Defendants William D. Fugazy (“William Fugazy” or “William”), Fugazy Limousine Limited (“Limousine”), and Roy D. Fugazy (“Roy Fugazy” or “Roy”) (collectively the “Fugazy Parties”) appeal from an order entered in the United States District Court for the Southern District of New York, Kevin Thomas Duffy, Judge, affirming an order of the United States Bankruptcy Court for the Southern District of New York, Burton R. Lifland, Chief Judge, which, inter alia, (1) ruled that William Fugazy had improperly transferred a broadcast license that was property of the estate of bankruptcy Chapter 7 debtor Fugazy Express, Inc. (“Debtor”), to Limousine and Roy Fugazy, and (2) ordered the payment of damages, to be determined after an accounting, and attorneys’ fees to plaintiffs-appellees Zachary Shimer, who is [772]*772the Chapter 7 trustee of the Debtor (“Trustee”), and Metromedia Company ("Metromedia”). Resolution of the damages and fees issues has been stayed by the bankruptcy court pending the outcome of this appeal. On appeal, the Fugazy Parties contend that these orders should be reversed on the ground that the license was not properly regarded as property of the Debtor’s estate and that its transfer was properly approved by the pertinent regulatory authority. For the reasons below, we conclude that the order of the bankruptcy court was not a final order within the meaning of 28 U.S.C. § 158(a) (1988), that the order of the district court is therefore not sufficiently final to be appeal-able under 28 U.S.C. § 158(d) (1988) or 28 U.S.C. § 1291 (1988), and that the orders are not injunctive orders appealable under 28 U.S.C. § 1292(a)(1) (1988). Accordingly, we dismiss the appeal for lack of appellate jurisdiction.

I. BACKGROUND

Prior to July 1986, the Debtor was engaged in the business of selling and servicing franchises for livery and limousine services to independent limousine operators who conducted their operations using the “Fugazy” name. William Fugazy was chairman of the Debtor’s board of directors. Roy, William’s son, was formerly the Debtor’s vice president for marketing and is the controlling shareholder of Limousine.

A. The Events

Pursuant to its franchise agreements, the Debtor provided radio dispatching services for its franchisees. The dispatches were broadcast over several radio frequencies, for which the Debtor had obtained six licenses and permits from the Federal Communications Commission (“FCC”). In July 1986, the Debtor filed a voluntary petition for reorganization under Chapter 11 of the Bankruptcy Code (“Code”), 11 U.S.C. § 101 et seq. (1988), see id. §§ 1101-1174. In or about January 1987, William caused the Debtor to transfer its FCC license for the call sign KXY-610 and two specified frequencies (“KXY License” or “License”) to Limousine without consideration. Limousine applied to the FCC for, and in April 1987 received, approval of the transfer. The bankruptcy court had neither been asked to approve, nor been informed of, the transfer; the FCC had not been informed of the Debtor’s filing for bankruptcy.
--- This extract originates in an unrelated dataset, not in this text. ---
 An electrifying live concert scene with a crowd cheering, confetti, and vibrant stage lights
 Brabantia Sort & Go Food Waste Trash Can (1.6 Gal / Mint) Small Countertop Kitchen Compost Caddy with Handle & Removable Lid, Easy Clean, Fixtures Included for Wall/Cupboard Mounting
In the meantime, in March 1987, the bankruptcy court entered an order converting the reorganization proceeding into one for liquidation under Chapter 7 of the Code, 11 U.S.C. §§ 701-766, and promptly appointed the Trustee to oversee the liquidation. In June 1987, a court-authorized auction was held, following which the Trustee sold and transferred all right, title, and interest in the Debtor’s six FCC licenses, including the KXY License, to Metromedia.

Metromedia soon discovered William’s purported prior transfer of the KXY License to Limousine, and in August 1987, the Trustee and Metromedia commenced the present adversarial proceeding against the Fugazy Parties, seeking, inter alia, a declaration that the purported transfer was null and void because it had occurred without the permission of the bankruptcy court, and an accounting.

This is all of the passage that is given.